Transcribe exactly the lines below that begin at the line with "2005 BMW 5 Series" and stop after the line with "Apartamento 252m², 04", leaving out every picture.

INFORMATION GIVEN
========================
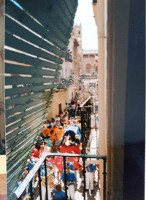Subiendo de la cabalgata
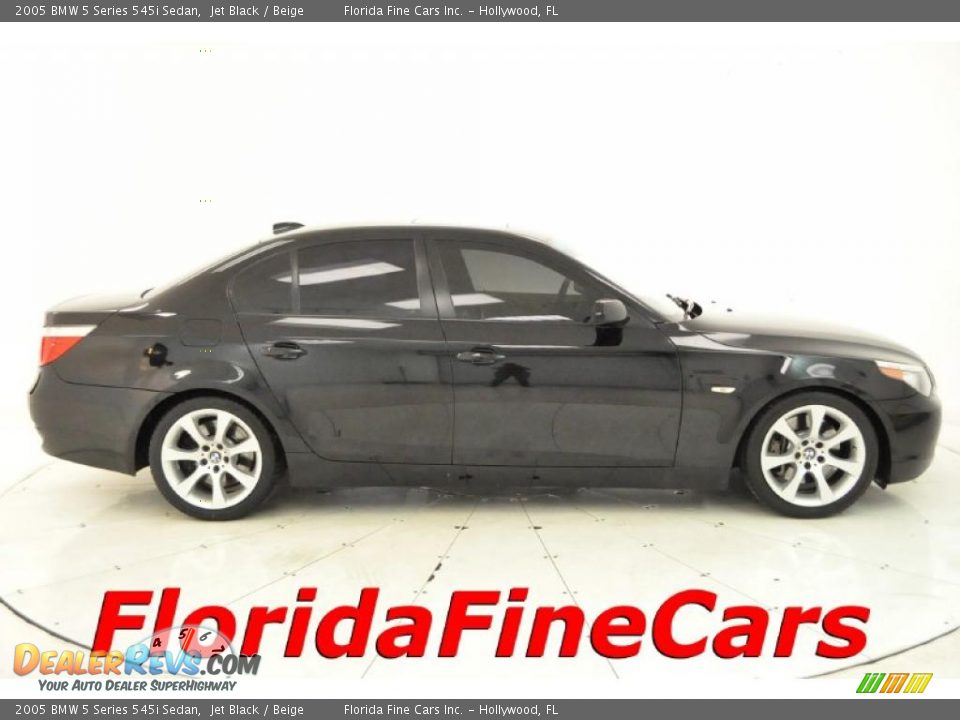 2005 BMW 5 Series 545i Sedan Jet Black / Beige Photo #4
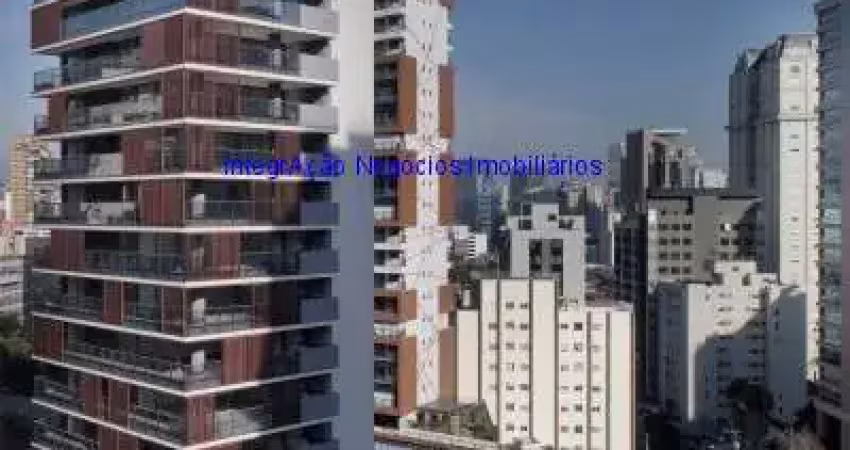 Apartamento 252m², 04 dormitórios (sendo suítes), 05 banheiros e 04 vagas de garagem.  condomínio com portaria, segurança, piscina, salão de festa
========================
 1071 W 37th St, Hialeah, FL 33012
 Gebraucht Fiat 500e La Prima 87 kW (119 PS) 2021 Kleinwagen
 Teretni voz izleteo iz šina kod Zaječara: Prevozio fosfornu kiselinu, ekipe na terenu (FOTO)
========================
TASK RESULT
 2005 BMW 5 Series 545i Sedan Jet Black / Beige Photo #4
 Apartamento 252m², 04 dormitórios (sendo suítes), 05 banheiros e 04 vagas de garagem.  condomínio com portaria, segurança, piscina, salão de festa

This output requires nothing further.